How many bits would you need to store a positive integer for example in the billions? Would you have to use the log2 N to find this out?

Answer 1

Since I've seen the answer reported incorrectly so many times, I thought I would post the correct answer.

The number of bits needed to represent the positive integer n is

bits = floor( log2(n) + 1 )

where log2 means log base 2.

Answer 2

Just to add to the previous answer, you can figure out how many bits are needed to represent a number N mathematically using any log-base. For instance, say I want to know how many bits are necessary to represent the number 12345 but my calculator only knows ln (natural log).

So,

2^b = 12345

Taking the ln of both sides.

ln(2^b) = ln(12345)

Of course the log of a number to an exponent is that exponent times the log of only the base, So,

b*ln(2) = ln(12345)

Divide both sided by ln(2),

b = ln(12345) / ln(2)

And of course, as is stated in the other answer you will need to round this result up because to represent some number you need 2^b to be equal or greater than that number.

So,

b = ceil(ln(12345) / ln(2))

Where ceil(f) rounds f up to the nearest integer.

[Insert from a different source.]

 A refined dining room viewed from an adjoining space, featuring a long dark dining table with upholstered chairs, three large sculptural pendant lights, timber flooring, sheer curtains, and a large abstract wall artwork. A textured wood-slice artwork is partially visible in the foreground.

Using the above process, you can find the number of bits needed for any number N, using any log-base logb, i.e.,

b = ceil(logb(N) / logb(2))

Answer 3

Yes. the maximal number stored in k bits is 2^k-1, since there is 2^k options for the bits, and one of them is zero.
Therefore, the number of bits required to store a number N is log2(N), but since there is no half bit, you need to round it up to the cloest integer above.

Note: if you need to include negative numbers, there must be one more bit for the sign.